* Task directions: Reproduce exactly the lines from the one containing "ofnicole Onlyfans Photo Gallery" through the end of the entries, including both. Drop the pictures.

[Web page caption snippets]
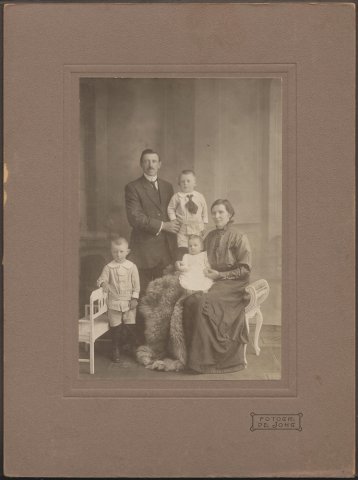 Ytzen K en Jitciea N14 met kinderen Karsjen Sijmen en Dirkje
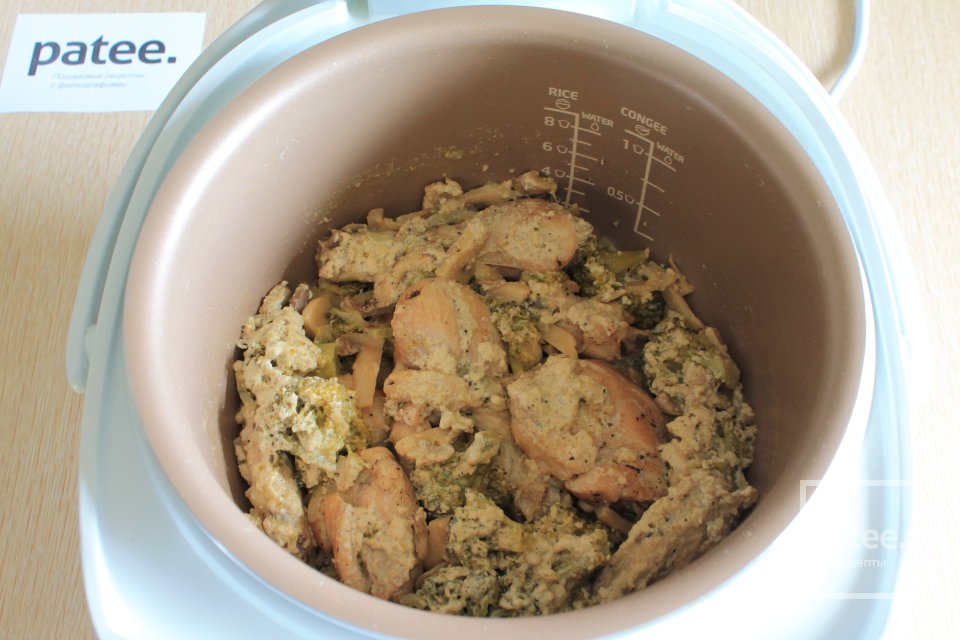 Курица с грибами и брокколи в мультиварке - Шаг 10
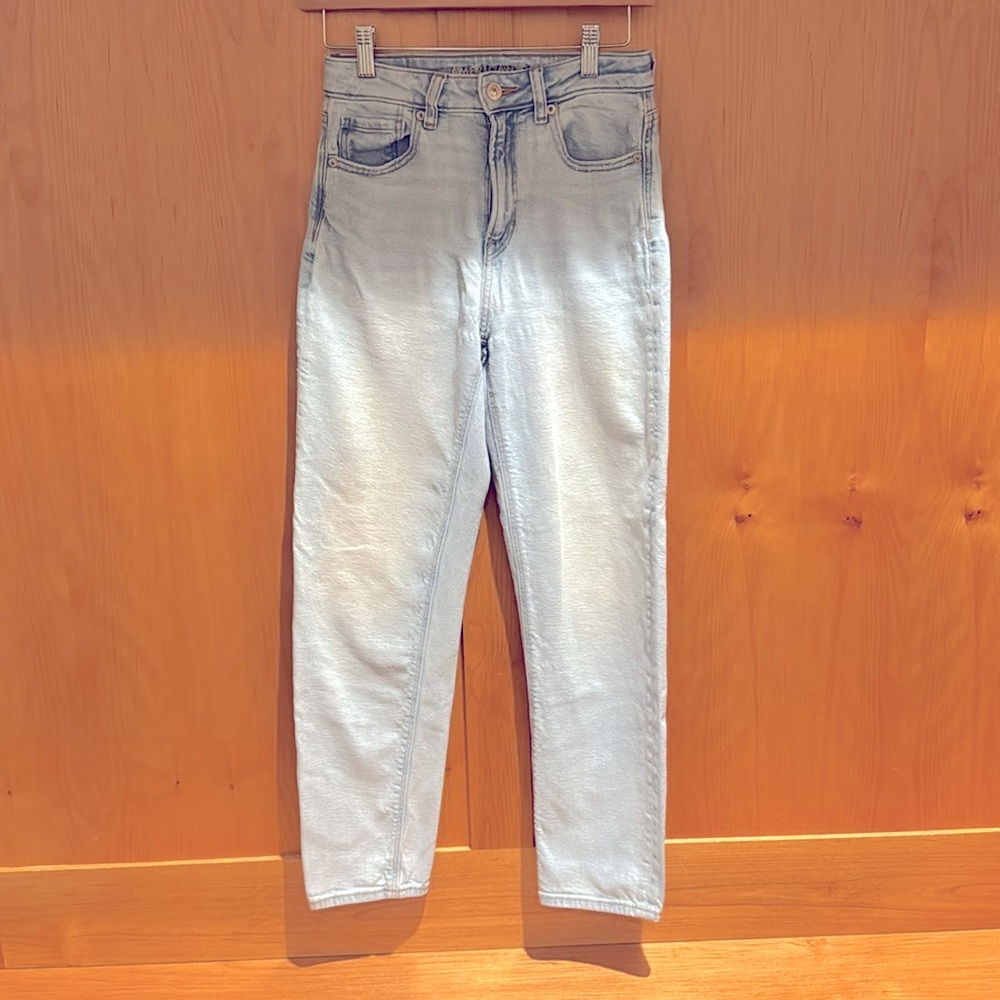 American Eagle Mom Straight Jeans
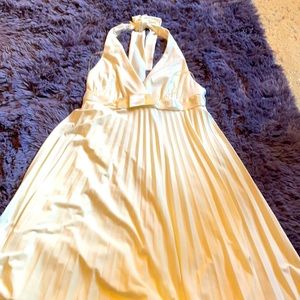 A Marilyn Monroe type dress!!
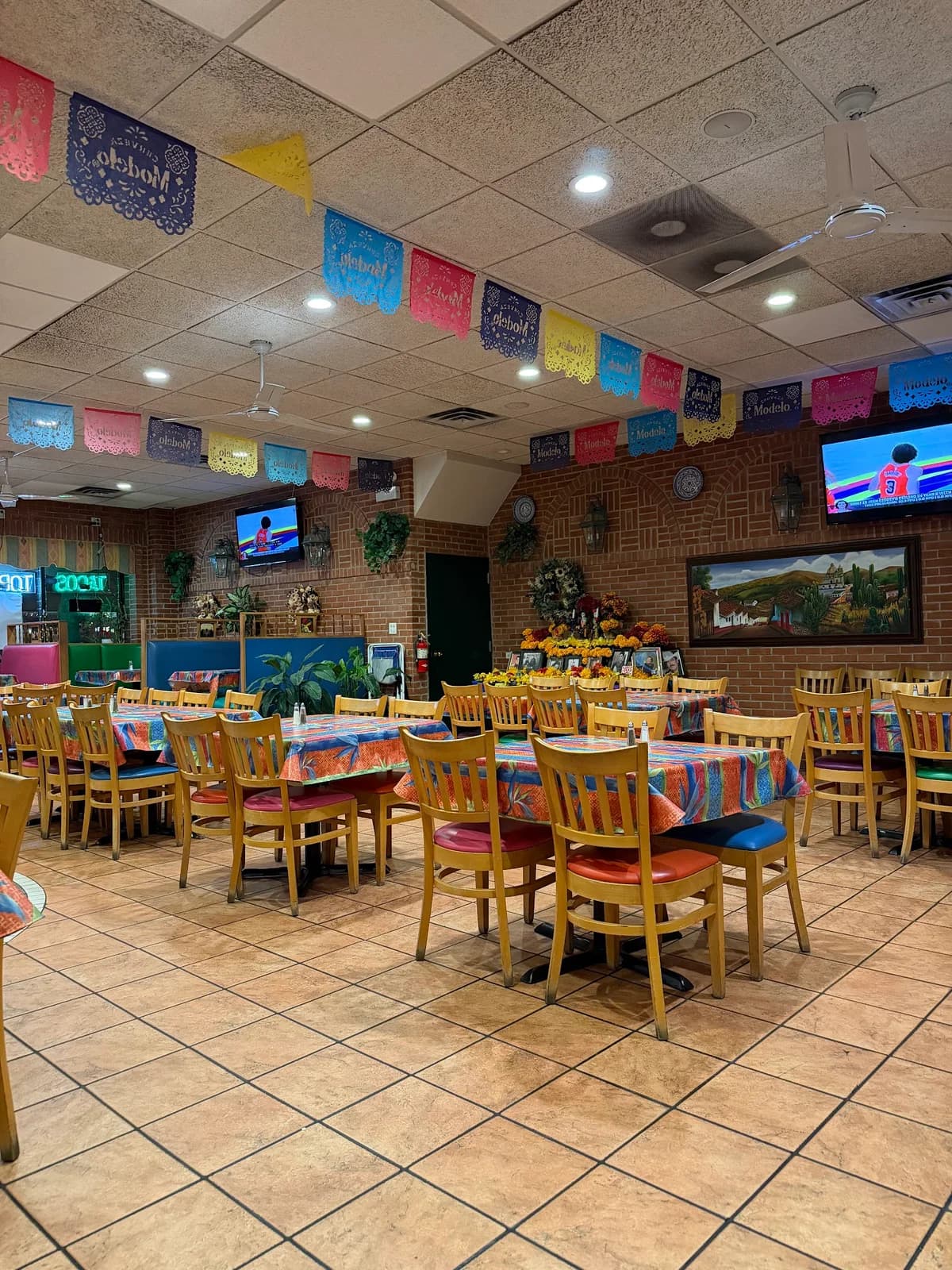 Puebla Restaurant photo 2
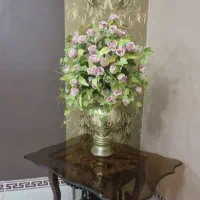 گلدان و گلدون حدود یک متر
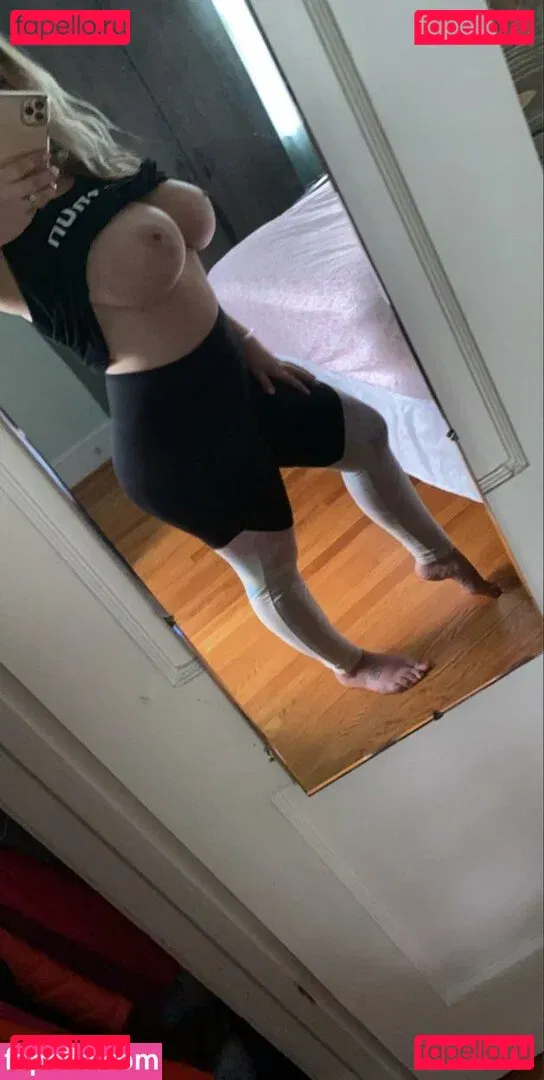 ofnicole Onlyfans Photo Gallery 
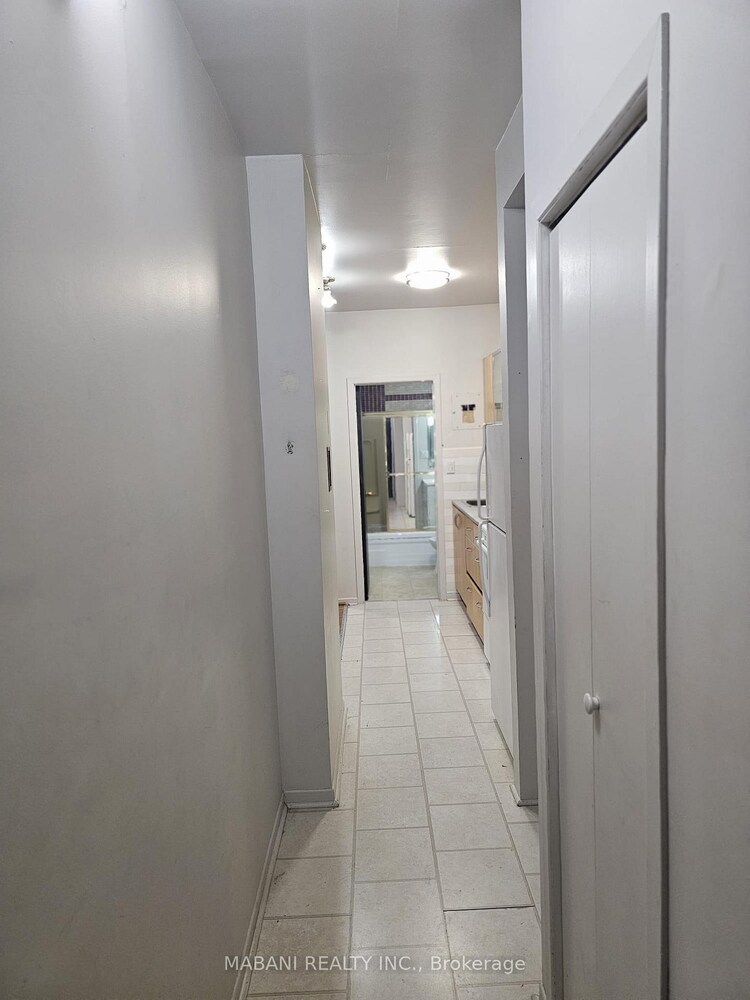 2239 Dundas Street W, Toronto, ON, High Park-Swansea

* Answer to this problem:
 ofnicole Onlyfans Photo Gallery 
 2239 Dundas Street W, Toronto, ON, High Park-Swansea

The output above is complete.